──────── Input data
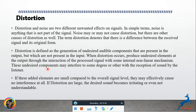If the added elements between input and output have a comparatively small overall signal level, they may effectively cause no interference at all. But if distortion is large, the desired sound becomes irritating or even unintelligible — the listener cannot understand it.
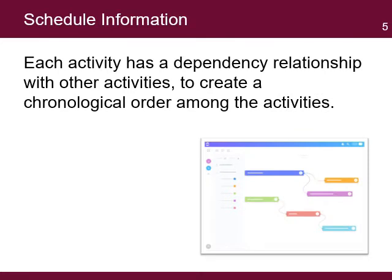All activities in the WBS need to have an estimate of the time it will take to complete them. This estimate becomes part of the project schedule, which is the total time to complete the project. Each activity identified in the WBS will have an estimated start and end date. Each activity will also have a dependency relationship with other activities to create a chronological order among the activities.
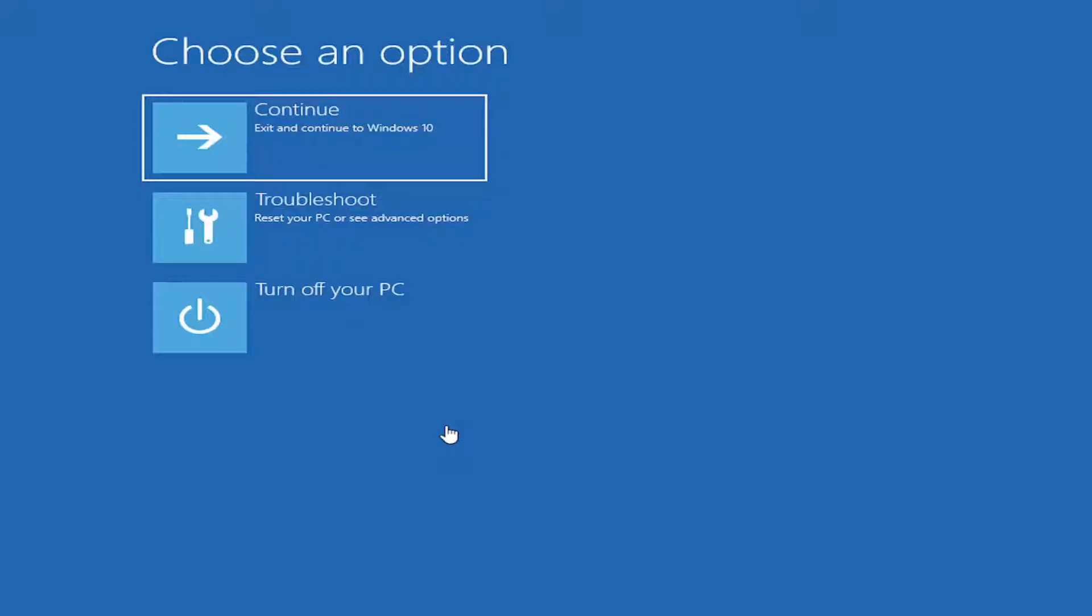Alternatively, if you do a hard power off three times in a row, meaning if you let the computer begin to turn on, and then you press the power button down to shut it off prematurely, it should also launch you into this utility as well.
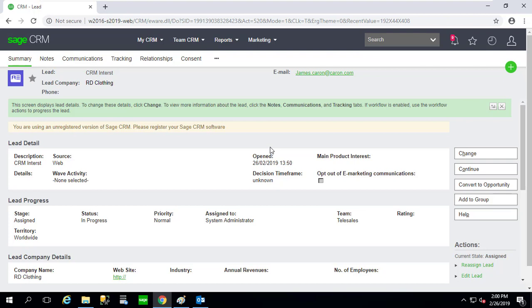This will be a quick video but hopefully a big win for those companies using the lead entity with the inability to file an email directly out of Outlook and attach that email to a lead.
────────────────
Where a picture appears, omit it; otherwise reproduce each line above from the first to the one with "Alternatively, if you", inclusive.

#### Response to the task
If the added elements between input and output have a comparatively small overall signal level, they may effectively cause no interference at all. But if distortion is large, the desired sound becomes irritating or even unintelligible — the listener cannot understand it.
All activities in the WBS need to have an estimate of the time it will take to complete them. This estimate becomes part of the project schedule, which is the total time to complete the project. Each activity identified in the WBS will have an estimated start and end date. Each activity will also have a dependency relationship with other activities to create a chronological order among the activities.
Alternatively, if you do a hard power off three times in a row, meaning if you let the computer begin to turn on, and then you press the power button down to shut it off prematurely, it should also launch you into this utility as well.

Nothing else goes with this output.